### [Task item]
All of the data below is to be output exactly as written.

### [Data]
- - - - - - -
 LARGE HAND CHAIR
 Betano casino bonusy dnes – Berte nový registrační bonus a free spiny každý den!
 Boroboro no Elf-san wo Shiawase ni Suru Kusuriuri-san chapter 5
- - - - - - -
### [Output for this exercise]
 LARGE HAND CHAIR
 Betano casino bonusy dnes – Berte nový registrační bonus a free spiny každý den!
 Boroboro no Elf-san wo Shiawase ni Suru Kusuriuri-san chapter 5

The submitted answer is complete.